There’s one inescapable fact. No matter what you think of the politics of the healthcare reform law pushed through by the Democrats, small business has the task of dealing with the reality of the reforms now. Indeed, business owners could well find themselves caught in the middle. On the one hand they are expected to provide additional coverage to their employees. But with the increase in the coverage is likely to come a bigger bill for premiums. You never get something for nothing in the insurance world.

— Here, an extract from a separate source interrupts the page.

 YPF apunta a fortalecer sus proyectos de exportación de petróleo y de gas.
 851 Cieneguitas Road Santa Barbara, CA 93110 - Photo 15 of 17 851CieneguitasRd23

So what exactly are businesses expected to deal with? Ignoring the changes to be phased in over the next few years up to 2014 when the entire system is supposed to be up and working, there’s a new appeals process, dependent coverage is going up to 26, insurers can no longer refuse coverage for children with pre-existing conditions, and there are new free preventative check-ups.
So how is this likely to work out? Take the question of the free preventative check-ups. The idea is simple. If you identify more health problems in their early stages, treatment is usually effective and you avoid higher, long-term costs. For example, there will be free mammograms for female employees. If a simple surgical procedure removes a small growth, this potentially avoids major surgery with all the lost productivity. Apply this across the range of diseases and disorders that may be caught early and you have major cost savings which will be reflected in lower premiums. But if children with existing conditions are now to be covered or adult children may opt back into their parents’ plans until 26, this is likely to drive up premiums.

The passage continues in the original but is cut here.